Figure 3 Cartoon representation of the Mt-RubB structure illustrating the hydrophobic core of the protein. The β-strands are colored blue, the 310-helix is colored orange, the zinc ion is colored magenta and the residues of the hydrophobic core (Phe7, Phe14, Tyr16, Ile27, Trp22, Trp33, Trp40 and Phe52) are colored red.
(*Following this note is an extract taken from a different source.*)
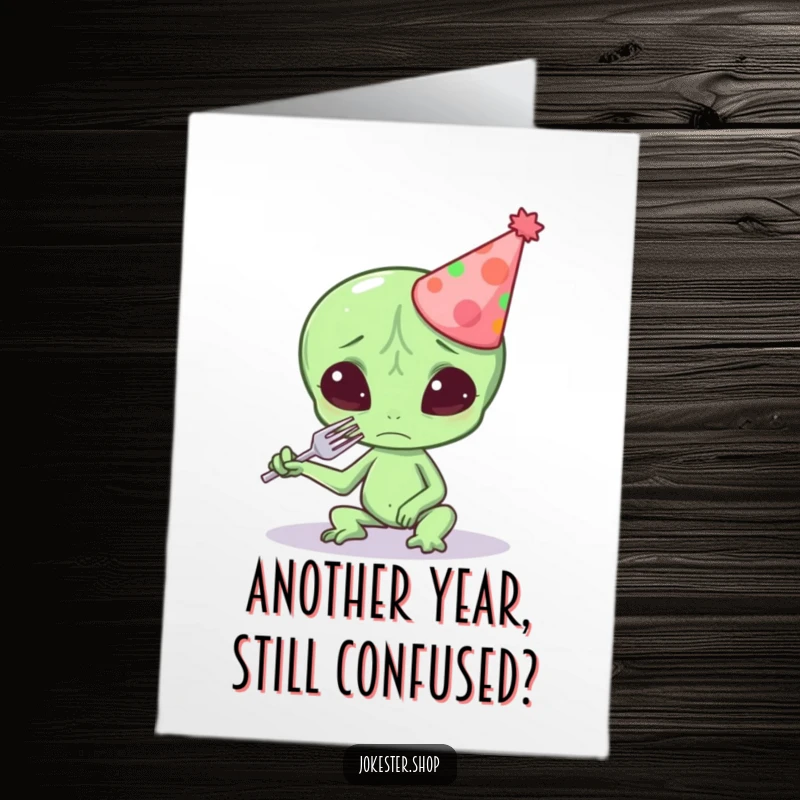 Funny Free Printable Birthday Card: Confused alien in party hat attempts to eat fork, a hilarious DIY gift.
3.2. Thermostability of Mt-RubB

A consequence of the hydrophobic core and hydrogen-bonding network about the Cys₄–metal center is that rubredoxins are very stable proteins (Rader, 2010). Indeed, rubredoxin from Pyrococcus furiosus, a hyperthermophilic archaeon, has a melting temperature of 417 K and is one of the most thermostable proteins known (LeMaster et al., 2004). While the limits of the stability of Mt-RubB were not explored, in general, rubredoxin B from M. tuberculosis also appears to be a very stable protein. Fig. 4(a) shows a steady-state wavelength CD spectrum for Mt-RubB collected at 298 K. The spectrum is highlighted by a double minimum at 204 and 227 nm. The spectrum is difficult to interpret because only 14 out of 60 (23%) of the native Mt-­RubB residues are in canonical β-strands or 3₁₀-helices and in the full-length protein 21 out of 81 (26%) residues are in the unstructured N-­terminal tag. However, the important observation is in Fig. 4(b), which shows the change in ellipiticity at 226 nm as a function of temperature between 283 and 353 K. There is essentially no change in the CD signal over this temperature range, indicating that Mt-RubB is stable to at least 353 K.
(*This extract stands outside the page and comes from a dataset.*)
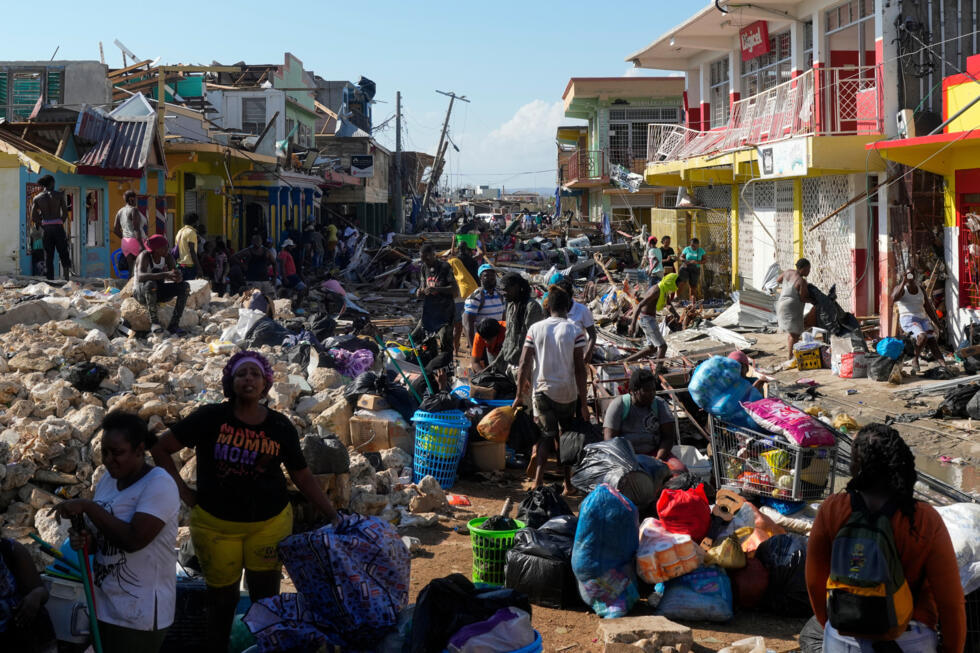 Residents gather amid debris on a street in Black River, Jamaica, on October 30, 2025, after Hurricane Melissa left a trail of destruction and death in the Caribbean.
Figure 4 (a) Circular dichroism steady-state wavelength spectrum of Mt-RubB (∼0.05 mM) in NMR buffer collected at 298 K. (b) The CD thermal plot for Mt-RubB obtained by measuring the ellipticity at 226 nm in 2.0 K intervals between 283 and 353 K.

Associated with the thermostability of rubredoxins is a strong binding affinity to the metal. As mentioned earlier, the incubation of iron-substituted Mt-RubB (sample shown in Fig. 1a) with 0.1 M EDTA resulted in no change in the color of the sample or the ¹H–¹⁵N HSQC spectrum. Indeed, incubation of the iron-substituted Mt-RubB sample in the presence of 0.1 M EDTA for a prolonged period of time (>2 months) had no visible effect on the color of the sample or the ¹H–¹⁵N HSQC spectrum (data not shown). Part of this protection from competing chelators is likely to be because the metal is buried within the protein, as shown for Mt-RubB in Fig. 5. Such a structural organization of the metal internally near the hydrophobic core would facilitate electron-transfer processes (Sieker et al., 1994).
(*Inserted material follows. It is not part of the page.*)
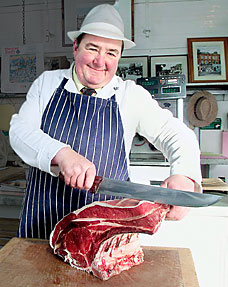 A butcher butchering.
Figure 5 Cartoon representation of the Mt-RubB structure shown in Fig. 2(b) with the surface represented by a mesh. The β-strands are colored blue, the 310-helix is colored orange, the zinc ion is colored magenta and the side-chain and main-chain atoms are shown for the four cysteine residues that coordinate the metal.